It was not until that moment that Mike realized he had, as he put it with a professional’s cool understatement, “a problem.” How would he manage to get the president to the Russian embassy? “It would have been a tough enough job normally, but with six Nazi paratroopers around somewhere,” he sensibly expected the journey would be a lot riskier. “I had no stomach for sending him through the crowded streets of Tehran,” Mike confided. But he had no choice.

He went to work devising a plan.

THE BUILDING WHERE THE WRESTLER had taken the commandos was a zurkhaneh. It was the gymnasium where Ebtehaj trained, and the name was meant to convey the demanding mix of mind and body discipline required of Pahlevani athletes; the word meant “house of strength.”

In the initial predawn hours after Holten-Pflug, bone weary, a man on the run in a strange city, had settled in, it was as if he, too, had tapped into a revitalizing flow of inner strength. At last he felt safe. The entrance door was deliberately cut low, forcing one to bow as was required when entering a holy place; which, the Nazi major assessed, would also make it impossible for a platoon of soldiers to come charging in without warning. The pit where the athletes trained—called a gowd, he would learn—was lined with a layered composite of weeds, dried straw, coal ash, and clay that, he discovered, was as comfortable as the mattress in his apartment in Berlin; his men, who had been looking over their shoulders since they had landed in Iran, were at last able to grab some much-needed sleep stretched out across this cushion. And, putting a damper on his greatest concern, he felt confident that the Allied patrols would never bother poking their noses into an Iranian sports club; they’d be too busy investigating more obvious hideouts. Cheered by his excitement that Long Jump was back on track, he had found his house of strength. He pushed aside any lingering apprehensions. His resolve intensified. His confidence in the mission’s success was restored.

But an assassin never lives for too long on a steady plane. As the hours of waiting ticked away, as the attack drew closer, doubts were invariably rekindled.
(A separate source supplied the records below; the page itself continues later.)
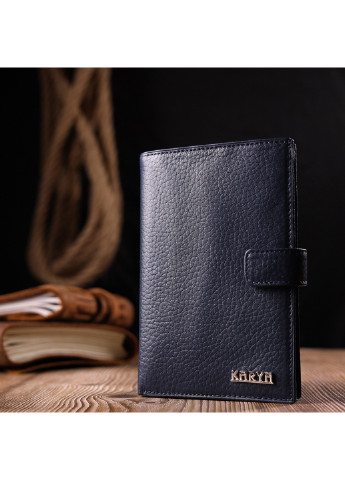 Чоловічий шкіряний портмоне 10,5х15,5х2 см Karya (257047415)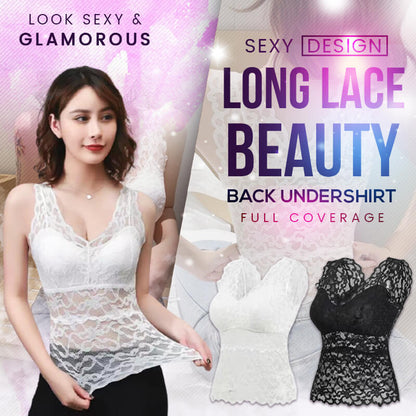 lusailstore - Long Lace Beauty Back Undershirt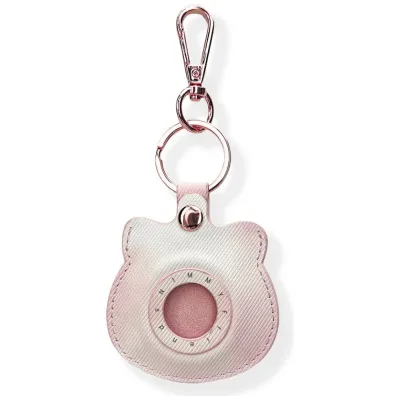 Mbajtëse AirTag Nimmy Big Eyed Pet 2.0 Cat, për qafore dhe çelësa, rozë - 1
That was what Holten-Pflug tried telling himself as his previously quieted concerns once again erupted. Yet despite all his efforts at self-persuasion, Holten-Pflug couldn’t help but think he’d made a crucial operational mistake in coming to the zurkhaneh. No less demoralizing, he admonished himself, it was a situation he should have anticipated.

For in the very hours when across the city Mike was struggling to come up with a scheme for the dash to the Russian embassy, Holten-Pflug’s own safety was increasingly being put in jeopardy. His men were no longer alone. Athletes kept coming to the gymnasium. The mat was crowded with beefy men swinging Indian clubs, grappling with one another, a deer-skinned drum all the while pounding out an accompanying cadence with a portentous rhythm. The athletes stared at the six commandos, never daring to approach. But Holten-Pflug was certain nonetheless that his once cherished hideout was no longer secure. It was the oldest maxim of the game: a secret stops being a secret once it has been shared.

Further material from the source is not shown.